* [Exercise requirements]: Every record must be retyped exactly as it reads.

* [Dataset records]:
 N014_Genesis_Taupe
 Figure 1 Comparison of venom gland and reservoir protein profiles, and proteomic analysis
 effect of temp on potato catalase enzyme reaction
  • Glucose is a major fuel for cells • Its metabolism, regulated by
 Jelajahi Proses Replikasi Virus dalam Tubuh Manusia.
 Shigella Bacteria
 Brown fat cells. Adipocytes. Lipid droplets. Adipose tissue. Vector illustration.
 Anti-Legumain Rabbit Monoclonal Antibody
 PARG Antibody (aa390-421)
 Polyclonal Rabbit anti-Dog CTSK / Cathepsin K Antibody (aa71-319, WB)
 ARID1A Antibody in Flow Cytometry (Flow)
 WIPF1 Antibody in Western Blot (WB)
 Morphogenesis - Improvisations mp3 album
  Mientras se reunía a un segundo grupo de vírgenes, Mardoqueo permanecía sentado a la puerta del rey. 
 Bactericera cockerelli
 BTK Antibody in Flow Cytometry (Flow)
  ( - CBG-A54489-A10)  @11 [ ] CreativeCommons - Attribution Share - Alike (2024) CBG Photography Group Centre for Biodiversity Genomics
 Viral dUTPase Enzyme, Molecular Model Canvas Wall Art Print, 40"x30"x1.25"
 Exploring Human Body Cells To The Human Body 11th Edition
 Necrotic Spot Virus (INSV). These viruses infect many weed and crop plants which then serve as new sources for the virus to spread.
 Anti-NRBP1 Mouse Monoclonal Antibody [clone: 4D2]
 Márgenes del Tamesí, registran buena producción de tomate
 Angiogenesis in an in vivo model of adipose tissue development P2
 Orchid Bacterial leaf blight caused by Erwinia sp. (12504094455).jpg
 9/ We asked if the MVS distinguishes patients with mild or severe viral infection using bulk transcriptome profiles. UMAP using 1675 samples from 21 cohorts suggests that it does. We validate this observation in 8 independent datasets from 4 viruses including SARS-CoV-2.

* [Your solution]:
 N014_Genesis_Taupe
 Figure 1 Comparison of venom gland and reservoir protein profiles, and proteomic analysis
 effect of temp on potato catalase enzyme reaction
  • Glucose is a major fuel for cells • Its metabolism, regulated by
 Jelajahi Proses Replikasi Virus dalam Tubuh Manusia.
 Shigella Bacteria
 Brown fat cells. Adipocytes. Lipid droplets. Adipose tissue. Vector illustration.
 Anti-Legumain Rabbit Monoclonal Antibody
 PARG Antibody (aa390-421)
 Polyclonal Rabbit anti-Dog CTSK / Cathepsin K Antibody (aa71-319, WB)
 ARID1A Antibody in Flow Cytometry (Flow)
 WIPF1 Antibody in Western Blot (WB)
 Morphogenesis - Improvisations mp3 album
  Mientras se reunía a un segundo grupo de vírgenes, Mardoqueo permanecía sentado a la puerta del rey. 
 Bactericera cockerelli
 BTK Antibody in Flow Cytometry (Flow)
  ( - CBG-A54489-A10)  @11 [ ] CreativeCommons - Attribution Share - Alike (2024) CBG Photography Group Centre for Biodiversity Genomics
 Viral dUTPase Enzyme, Molecular Model Canvas Wall Art Print, 40"x30"x1.25"
 Exploring Human Body Cells To The Human Body 11th Edition
 Necrotic Spot Virus (INSV). These viruses infect many weed and crop plants which then serve as new sources for the virus to spread.
 Anti-NRBP1 Mouse Monoclonal Antibody [clone: 4D2]
 Márgenes del Tamesí, registran buena producción de tomate
 Angiogenesis in an in vivo model of adipose tissue development P2
 Orchid Bacterial leaf blight caused by Erwinia sp. (12504094455).jpg
 9/ We asked if the MVS distinguishes patients with mild or severe viral infection using bulk transcriptome profiles. UMAP using 1675 samples from 21 cohorts suggests that it does. We validate this observation in 8 independent datasets from 4 viruses including SARS-CoV-2.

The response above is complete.